History

History Studies are accessed in the History Room and are open to students from Class 3 onwards. The timetable allows plenty of opportunities to follow and develop personal areas of interest, as well as the study of discrete, taught units of study, some of which can lead to an exam course*. Whatever the circumstance, the major focus of any study is always based around engagement in questioning and discussion, as well as developing skills of recording ideas in a range of creative forms. This approach ensures that students have the experience of both the breadth and depth of the topics they meet and the time to enjoy and gain personal satisfaction from investigation and discovery.

When students arrive in Class 3 for the first time, they often ask to access information about British History. Some knowledge of British History helps to give them, as members of a culturally diverse community, a common grounding of a range of the significant themes in history that have helped to shape the United Kingdom. It also goes helps them to begin to understand events in the media and current affairs.
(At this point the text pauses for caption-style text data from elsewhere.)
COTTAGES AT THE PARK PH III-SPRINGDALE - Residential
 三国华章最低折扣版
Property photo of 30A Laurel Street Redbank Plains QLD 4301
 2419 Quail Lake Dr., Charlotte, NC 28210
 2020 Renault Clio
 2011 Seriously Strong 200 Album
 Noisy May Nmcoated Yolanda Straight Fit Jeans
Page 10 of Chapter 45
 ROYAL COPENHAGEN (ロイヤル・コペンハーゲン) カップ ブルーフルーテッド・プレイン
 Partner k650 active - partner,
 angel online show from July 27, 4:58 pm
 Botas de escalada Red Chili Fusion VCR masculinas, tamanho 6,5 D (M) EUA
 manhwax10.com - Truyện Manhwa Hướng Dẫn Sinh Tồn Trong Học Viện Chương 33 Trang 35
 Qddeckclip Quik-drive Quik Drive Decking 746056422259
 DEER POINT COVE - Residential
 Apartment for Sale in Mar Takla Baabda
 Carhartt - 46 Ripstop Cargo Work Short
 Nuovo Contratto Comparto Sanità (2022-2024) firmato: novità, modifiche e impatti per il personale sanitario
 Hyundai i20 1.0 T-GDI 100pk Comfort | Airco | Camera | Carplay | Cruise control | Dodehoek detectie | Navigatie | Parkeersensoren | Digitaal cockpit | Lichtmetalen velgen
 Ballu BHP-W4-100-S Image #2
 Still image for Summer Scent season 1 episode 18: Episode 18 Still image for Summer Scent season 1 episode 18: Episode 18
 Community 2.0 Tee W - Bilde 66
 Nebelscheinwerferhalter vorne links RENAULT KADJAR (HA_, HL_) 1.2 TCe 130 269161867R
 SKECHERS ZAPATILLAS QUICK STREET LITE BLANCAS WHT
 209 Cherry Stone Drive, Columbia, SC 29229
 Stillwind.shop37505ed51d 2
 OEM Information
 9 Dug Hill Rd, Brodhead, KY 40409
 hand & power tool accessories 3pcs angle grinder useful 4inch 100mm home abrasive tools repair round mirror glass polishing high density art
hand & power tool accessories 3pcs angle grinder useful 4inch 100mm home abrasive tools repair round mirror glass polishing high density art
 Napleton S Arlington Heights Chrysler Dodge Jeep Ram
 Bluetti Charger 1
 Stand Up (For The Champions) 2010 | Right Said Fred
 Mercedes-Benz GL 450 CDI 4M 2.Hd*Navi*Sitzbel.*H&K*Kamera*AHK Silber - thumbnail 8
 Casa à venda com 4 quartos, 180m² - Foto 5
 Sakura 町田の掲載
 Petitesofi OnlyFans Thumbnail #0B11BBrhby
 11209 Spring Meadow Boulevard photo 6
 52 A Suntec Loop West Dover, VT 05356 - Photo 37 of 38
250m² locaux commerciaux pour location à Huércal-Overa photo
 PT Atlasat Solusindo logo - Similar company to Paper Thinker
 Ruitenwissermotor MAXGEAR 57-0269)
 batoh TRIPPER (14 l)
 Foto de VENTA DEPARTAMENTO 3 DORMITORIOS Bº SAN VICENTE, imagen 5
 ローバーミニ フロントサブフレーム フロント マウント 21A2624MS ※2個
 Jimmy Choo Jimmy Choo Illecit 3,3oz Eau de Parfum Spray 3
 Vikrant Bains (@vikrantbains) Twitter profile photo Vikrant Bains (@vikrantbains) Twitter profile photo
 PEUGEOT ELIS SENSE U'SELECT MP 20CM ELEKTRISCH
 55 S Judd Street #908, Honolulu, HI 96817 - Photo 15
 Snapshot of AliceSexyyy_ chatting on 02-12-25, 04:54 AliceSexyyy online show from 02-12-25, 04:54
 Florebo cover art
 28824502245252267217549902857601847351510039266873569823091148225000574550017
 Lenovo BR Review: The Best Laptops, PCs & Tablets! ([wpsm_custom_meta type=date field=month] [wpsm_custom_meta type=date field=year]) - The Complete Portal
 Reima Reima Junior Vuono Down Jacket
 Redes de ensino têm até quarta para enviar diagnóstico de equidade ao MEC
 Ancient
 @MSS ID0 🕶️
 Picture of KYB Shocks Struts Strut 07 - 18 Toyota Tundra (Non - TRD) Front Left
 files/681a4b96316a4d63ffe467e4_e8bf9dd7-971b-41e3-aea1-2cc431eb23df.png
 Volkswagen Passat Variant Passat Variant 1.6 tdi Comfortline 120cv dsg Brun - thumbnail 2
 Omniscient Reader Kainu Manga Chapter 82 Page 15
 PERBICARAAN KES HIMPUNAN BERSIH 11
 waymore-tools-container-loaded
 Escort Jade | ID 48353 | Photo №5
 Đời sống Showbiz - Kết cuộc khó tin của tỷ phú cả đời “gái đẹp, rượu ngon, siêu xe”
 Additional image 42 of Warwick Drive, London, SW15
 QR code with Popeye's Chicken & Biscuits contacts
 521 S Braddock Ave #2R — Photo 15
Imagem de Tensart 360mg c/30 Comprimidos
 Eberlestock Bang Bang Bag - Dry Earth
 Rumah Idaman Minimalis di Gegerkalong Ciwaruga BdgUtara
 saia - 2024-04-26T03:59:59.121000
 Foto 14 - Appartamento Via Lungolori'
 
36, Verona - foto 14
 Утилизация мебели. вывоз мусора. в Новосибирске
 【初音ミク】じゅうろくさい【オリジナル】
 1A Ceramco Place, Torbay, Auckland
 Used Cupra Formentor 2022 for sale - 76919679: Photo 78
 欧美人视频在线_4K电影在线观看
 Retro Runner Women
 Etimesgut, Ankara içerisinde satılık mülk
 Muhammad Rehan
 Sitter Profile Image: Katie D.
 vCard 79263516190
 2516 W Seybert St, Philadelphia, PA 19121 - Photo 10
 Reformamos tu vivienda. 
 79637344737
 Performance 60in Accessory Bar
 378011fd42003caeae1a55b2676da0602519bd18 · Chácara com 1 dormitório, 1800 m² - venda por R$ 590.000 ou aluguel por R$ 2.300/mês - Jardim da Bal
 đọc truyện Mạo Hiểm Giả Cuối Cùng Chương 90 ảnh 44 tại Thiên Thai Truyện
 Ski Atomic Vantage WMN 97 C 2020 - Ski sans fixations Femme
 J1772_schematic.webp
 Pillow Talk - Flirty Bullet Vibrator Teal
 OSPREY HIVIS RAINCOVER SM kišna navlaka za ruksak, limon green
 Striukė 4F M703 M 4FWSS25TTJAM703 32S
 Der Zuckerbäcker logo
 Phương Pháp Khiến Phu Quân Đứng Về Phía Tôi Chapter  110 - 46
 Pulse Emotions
There is however scope and time available to study a much wider range of topics. Opportunities to investigate the ‘seeds of an idea’ are always welcomed, as are opportunities to discuss and challenge ‘big statements’, which may be considered by some as fact rather than opinion. The learning journey is a shared process, the pace of which is determined by all those engaged and lengthened or shortened based on levels of interest and enjoyment. In recent years individual topics as diverse as: ‘The History of Namibia’, ‘Weaponry in World War 1’, ‘The Bloomsbury Set’, ‘Mayan Structures’ and ‘Who killed Lord Darnley, the second husband of Mary Queen of Scots?’. (Some of these lessons would be referred to as Individual Studies on the school timetable.)

The History Room is a bright, well-resourced learning environment. Displays of different historical topics and examples of student’s work change regularly to stimulate interest and generate questions.